Правило, установленное названным манифестом, – «чтобы никакой закон не мог восприять силу без одобрения Государственной Думы», – монархисты считали относящимся не к Верховной Власти, а к правительству. После 17 октября исполнительная власть лишена права подносить на утверждение Монарха законы, не прошедшие через Думу.
Впрочем, подобное правило существовало и прежде в ст. 50 старых Основных Законов: «Все предначертания законов рассматриваются в Г. Совете, потом восходят на Высочайшее усмотрение и не иначе поступают к предначертанному им совершению, как действием Самодержавной власти». Г. Совет, орган, подобный Г. Думе, существовал, ни один закон не мог его миновать, но эти ограничения не затрагивали существа Самодержавия. Потому нет существенной разницы между «напоминанием в манифесте 17 октября правительству его обязанности соблюдать законодательный порядок» и текстом старых Основных законов.
17 октября установлен лишь «новый путь осуществления Самодержавной Царской власти». К числу органов, через которых она действует, добавилась Г. Дума, только и всего.
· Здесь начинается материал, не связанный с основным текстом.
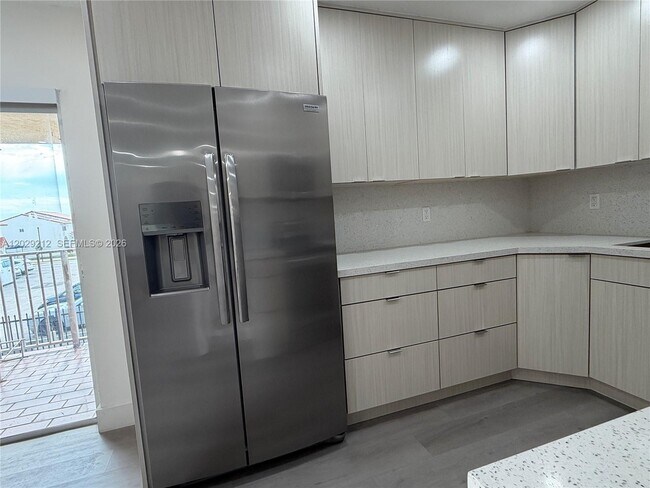 Building Photo - 3021 W 76th St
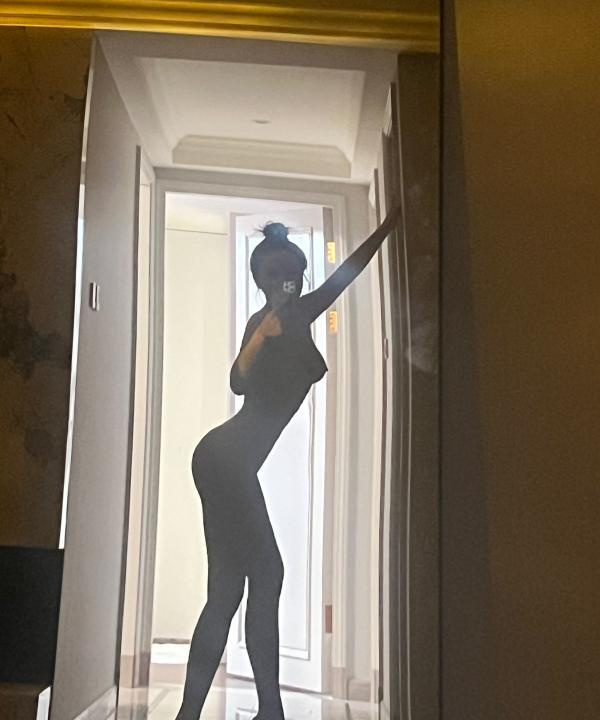 杭州自聊美胸玥玥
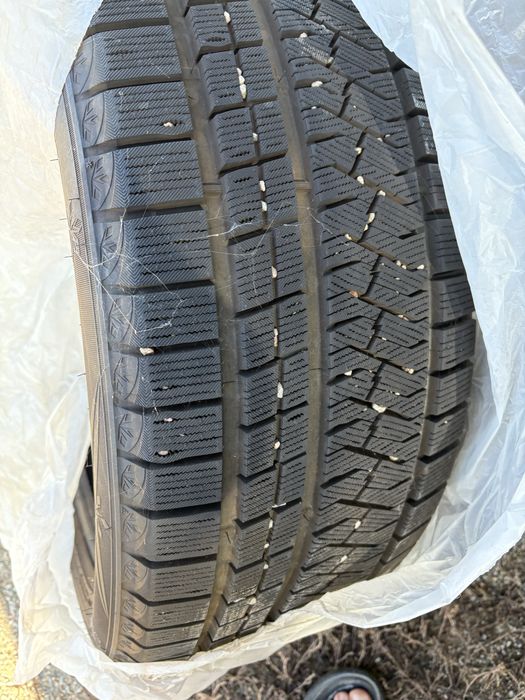 продам зимние шины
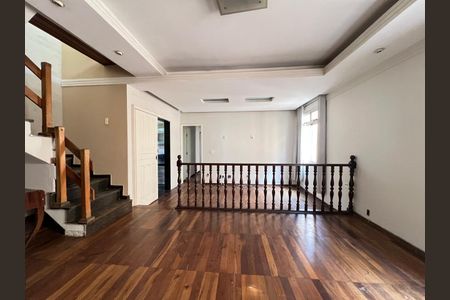 Apartamento à venda com 205m², 4 quartos e 2 vagas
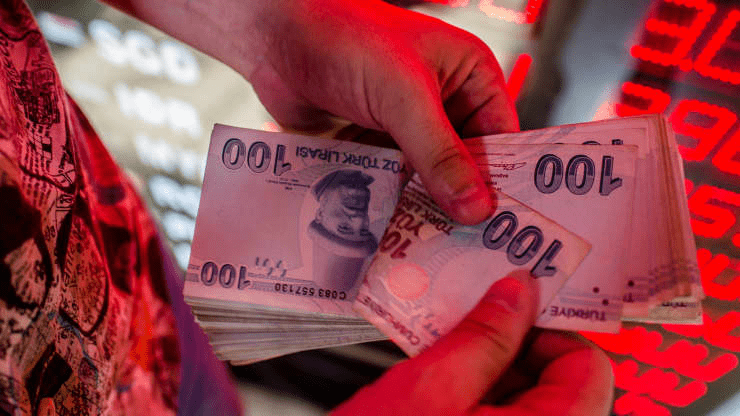 Turkish Lira Crumbles on Central Bank Woes, Yen Gains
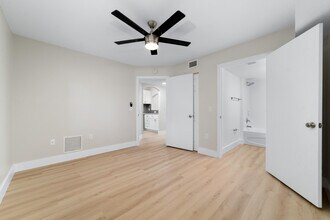 3750 N Jog Rd in Royal Palm Beach, FL - Building Photo - Building Photo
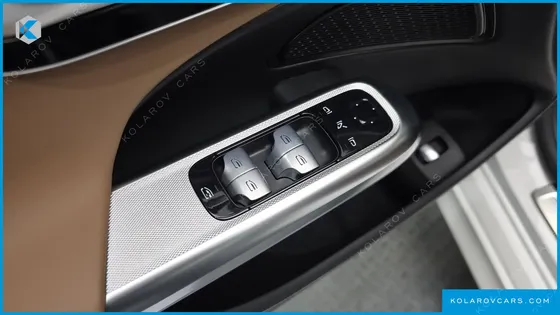 MERCEDES E-CLASS E200 AVANTGARDE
Само по себе наличие народного представительства никак не ограничивает Самодержавную власть и даже является признаком исконно-русского образа правления – вспомним Земские соборы. Со времен Петра I «космополитическая и интернациональная бюрократия» – инородцы и космополиты – встали стеной между Царем и народом. Поэтому «старый режим» был не Самодержавием, а его «фокусническим подменом». Николай II решил уничтожить средостение, только и всего.
М.Меньшиков утверждал, что Г. Дума – не единственное и не высшее представительство народа. Верховный представитель нации – Монарх. «В Г. Думе нашей депутаты представительствуют не власть народа, а скорее его верноподданничество, т.е. одинаковое с министрами подчинение Трону».
Таким образом, манифест 17 октября переворачивался монархистами с ног на голову, а конституционные толкования этого акта «революционерами, космополитами и инородцами» объявлялись «совершенно произвольными». «Недоговоренность» же «вкралась» потому, что «время издания Манифеста совпало со смутой и нахождением у власти тайных врагов Самодержавия, которые, сгорая честолюбием, затеяли ограничить Царскую власть».
Далее, Манифест 20 февраля 1906 г. тоже не упоминал о каком-либо изменении существа Самодержавной власти и толковался монархистами в благоприятном для них смысле. «Самодержавие на Руси сохранено, – писало «Русское знамя». – Вот глубоко-важный смысл этого манифеста, отныне ставшего основанием дальнейшей жизни Русского государства и примирившего возвещенные манифестом 17 октября начала свободы с историческим укладом русской государственной жизни!».
Манифест 23.IV.1906, сопровождавший опубликование новых Основных Законов, содержал знаменательные для монархистов слова: «Установив новые пути, по которым будет проявляться Самодержавная власть Всероссийских Монархов в делах законодательства, Мы утвердили Манифестом 20 февраля сего года порядок участия выборных от народа». Наконец, опровергался и четкий конституционный смысл самих Основных Законов, оставивших за Монархом «Верховную самодержавную власть» (ст. 4), которая, следовательно, при необходимости «может стать выше закона». Провозглашенное в ст. 7 «единение» с законодательными учреждениями, в котором Государю надлежало осуществлять законодательную власть, еще не означает равноправия всех трех органов и разделения между ними власти Верховной – источника всех властей. «Г. Совет и Г. Дума – суть создания Государя Императора, они существуют только в силу его велений». «Единение» сводится лишь к тому, что обеим законодательным палатам предписывается обсуждение законодательных предположений, восходящих на утверждение Верховной самодержавной власти (первые статьи Учреждений Г. Совета и Г. Думы). Таким же образом толковалась ст. 86. Даже сохранение слова «неограниченный» в ст. 222 Зак. Осн. использовалось монархистами как аргумент в свою пользу.